If you're trying to make a point about the author, you should state it. All I see except for the brief mention of censorship is a collection of quotes.


I was following the convention of putting my comments in plain text, and quotes from the article within quotation marks (with what I consider key portions italicized for (my) emphasis).

Apologies that that wasn't clear, hopefully this explanation clears up any misunderstanding.


Biased Journalism not taken far enough. Either be explicit about your bias or don't. In between feels gross.


Came here to comment on this EXACT quote.

The idea that you have to not only be the "right" mouth (whatever the hell that means) but also _prove_ that you're the "right" mouth are the exact type of thought crime / virtue signaling principles that I think Rogan and his audience rallies against.

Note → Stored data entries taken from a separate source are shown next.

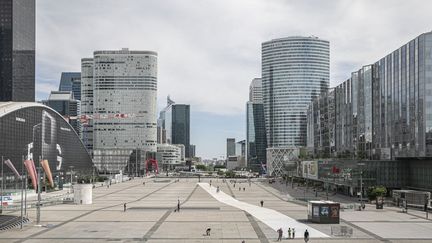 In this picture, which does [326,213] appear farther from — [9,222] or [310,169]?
[310,169]

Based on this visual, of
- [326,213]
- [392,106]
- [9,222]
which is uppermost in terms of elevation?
[392,106]

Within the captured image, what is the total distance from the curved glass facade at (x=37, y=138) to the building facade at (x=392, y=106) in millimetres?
71903

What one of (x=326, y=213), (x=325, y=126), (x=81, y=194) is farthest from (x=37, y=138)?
(x=326, y=213)

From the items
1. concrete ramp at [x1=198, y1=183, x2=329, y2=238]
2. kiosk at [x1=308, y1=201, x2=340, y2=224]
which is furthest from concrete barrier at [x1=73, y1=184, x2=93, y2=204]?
kiosk at [x1=308, y1=201, x2=340, y2=224]

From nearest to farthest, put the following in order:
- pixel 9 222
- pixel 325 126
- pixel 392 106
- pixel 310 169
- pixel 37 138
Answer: pixel 9 222 → pixel 392 106 → pixel 310 169 → pixel 37 138 → pixel 325 126

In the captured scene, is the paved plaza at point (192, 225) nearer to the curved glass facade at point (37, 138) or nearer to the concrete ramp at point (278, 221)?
the concrete ramp at point (278, 221)

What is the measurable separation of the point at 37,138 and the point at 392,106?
9619 centimetres

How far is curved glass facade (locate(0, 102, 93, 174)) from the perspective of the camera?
416ft

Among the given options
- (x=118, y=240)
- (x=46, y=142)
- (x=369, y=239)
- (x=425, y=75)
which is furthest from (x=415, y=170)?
(x=46, y=142)

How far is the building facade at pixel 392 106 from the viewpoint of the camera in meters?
93.1

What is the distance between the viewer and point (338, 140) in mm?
161125

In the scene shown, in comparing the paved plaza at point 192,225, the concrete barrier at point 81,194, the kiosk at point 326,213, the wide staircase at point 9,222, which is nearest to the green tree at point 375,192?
the paved plaza at point 192,225

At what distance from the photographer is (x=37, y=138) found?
14950cm

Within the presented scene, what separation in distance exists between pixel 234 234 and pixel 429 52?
57114 mm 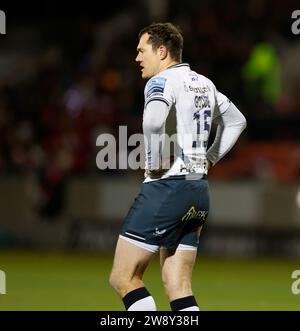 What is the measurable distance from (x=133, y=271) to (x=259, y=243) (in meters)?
10.3

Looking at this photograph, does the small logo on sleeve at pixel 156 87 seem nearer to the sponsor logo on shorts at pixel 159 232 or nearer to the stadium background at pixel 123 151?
the sponsor logo on shorts at pixel 159 232

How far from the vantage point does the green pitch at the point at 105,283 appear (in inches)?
440

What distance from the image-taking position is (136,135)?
1862 cm

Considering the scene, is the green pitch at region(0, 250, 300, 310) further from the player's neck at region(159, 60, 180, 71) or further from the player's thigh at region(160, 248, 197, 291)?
the player's neck at region(159, 60, 180, 71)

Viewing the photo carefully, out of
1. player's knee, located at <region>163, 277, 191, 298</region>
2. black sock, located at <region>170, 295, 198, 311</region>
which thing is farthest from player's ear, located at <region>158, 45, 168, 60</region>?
black sock, located at <region>170, 295, 198, 311</region>

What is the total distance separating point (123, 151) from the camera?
1758cm

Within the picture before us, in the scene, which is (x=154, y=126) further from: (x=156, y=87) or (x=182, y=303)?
(x=182, y=303)

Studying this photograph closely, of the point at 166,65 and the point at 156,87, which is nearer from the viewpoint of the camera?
the point at 156,87

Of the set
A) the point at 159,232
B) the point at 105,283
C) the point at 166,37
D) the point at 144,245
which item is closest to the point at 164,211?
the point at 159,232

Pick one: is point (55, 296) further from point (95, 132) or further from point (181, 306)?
point (95, 132)

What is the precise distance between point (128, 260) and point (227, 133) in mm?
1253

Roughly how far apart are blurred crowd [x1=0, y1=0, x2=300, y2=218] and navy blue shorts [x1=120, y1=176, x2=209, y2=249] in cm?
1061

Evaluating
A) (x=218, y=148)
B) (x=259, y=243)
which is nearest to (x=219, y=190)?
(x=259, y=243)

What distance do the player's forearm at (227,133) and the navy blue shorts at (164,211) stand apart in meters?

The author even further cements their bias when writing about how Rogan constantly talks about his left-wing views, but that his "actions" somehow point him to being more right-wing (though the author only points to things Rogan has _said_, but I digress) - as if Joe needs to do more to prove he's a left-wing ally (aka "virtue signaling") and the occasional right wing guest makes him worthy for "re-education" to make sure he becomes the "right mouth" for the right points.


More fundamentally, it seems to me to betray a curious misunderstanding of how truth works.

A statement is no more or less true for having been uttered by Einstein or by Stalin.


I think you're misunderstanding. It doesn't count for squat because it generally won't be listened to if it comes out of the wrong mouth. Much like this point has been misunderstood by a whole chain of people below you circle jerking over this comment, seemingly because they are generally inclined to defend Joe Rogan.